さらに、「情報のあつかい方」として、情報を送る側と情報を受け取る側で、気を付けないといけないことも書かれています。
【情報を送る側】・個人の情報やひみつを流さない。
・正確な情報を送る。
・人がつくったものを勝手に使わない。
【情報を受け取る側】・必要な情報をきちんと選んで使う。
・必要のない情報は受け取らない。
・できるだけ、自分で直接確かめる。
授業をするなら、もう一歩突っ込んで、情報を受け取る側の問題として、確証バイアスを取り上げて扱いたいのです。
Wikipediaによると、次のように書いています。
確証バイアスとは、認知心理学や社会心理学における用語で、仮説や信念を検証する際にそれを支持する情報ばかりを集め、反証する情報を無視または集めようとしない傾向のこと。認知バイアスの一種。また、その結果として稀な事象の起こる確率を過大評価しがちであることも知られている。

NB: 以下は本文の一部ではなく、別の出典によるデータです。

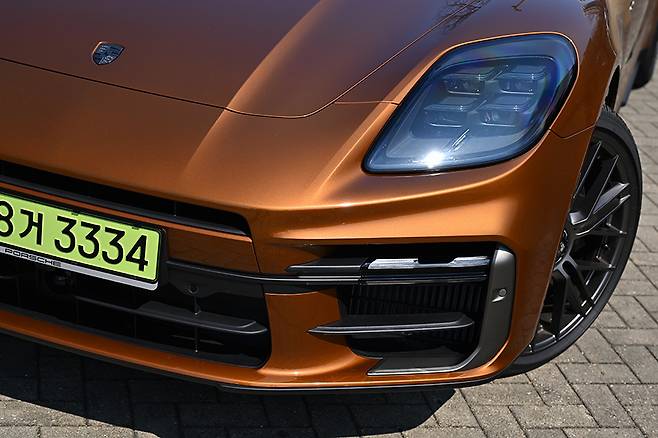 포르쉐 파나메라 터보 E-하이브리드. 사진 김학수 기자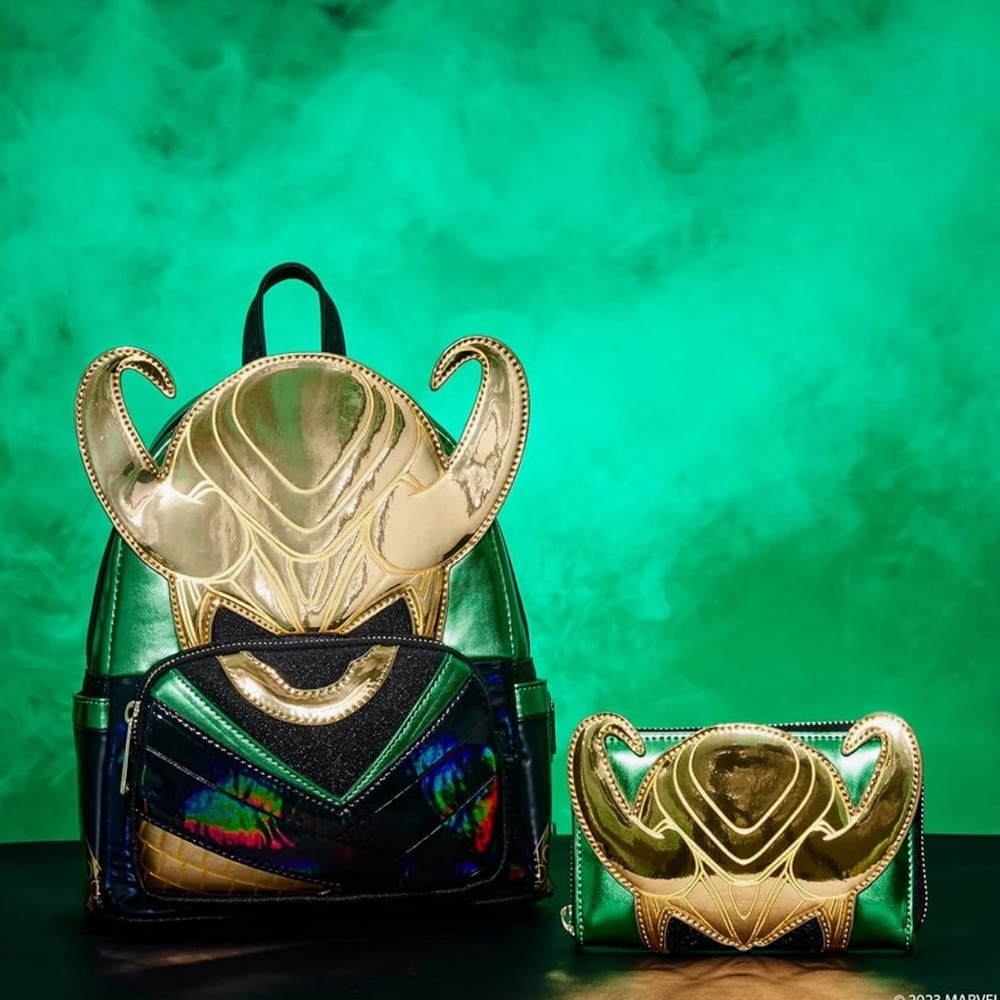 loungefly- MARVEL Bundle of Backpack and walletMetallic Loki
Cosplay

例えば、タバコを吸っている人は、タバコが体に悪いというニュースや話を見たり聞いたりするのを知らず知らず避けてしまい、タバコを吸っても健康で長生きしているニュースや話に関心を寄せることが多いです。
わたしたち教師が授業をするときも、伝えたいねらいに沿った事例を集めて授業してしまいます。
A型の血液型は几帳面であるという通説についても、几帳面な人がA型だと知れば「やっぱり」と思い、ずぼらな人がA型と知ると「めずらしい」と思ってしまうのも、確証バイアスです。

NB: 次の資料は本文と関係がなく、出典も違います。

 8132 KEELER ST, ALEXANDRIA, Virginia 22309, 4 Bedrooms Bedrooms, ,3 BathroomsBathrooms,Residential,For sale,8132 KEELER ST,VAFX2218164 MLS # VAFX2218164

翻訳するときに「情報」という言葉を作ったといわれている森鷗外は、軍医でもあり、脚気という病気は細菌によるものだと信じていました。けれど、「米飯より麦飯を食べた方が脚気にならない」という情報を聞きながら、それらの情報や忠言をことごとく無視し、むしろ誹謗し、米飯をすすめたことで、日露戦争で多くの病死者を出しています。
確証バイアスで情報を扱っていないかを振り返る必要があるのです。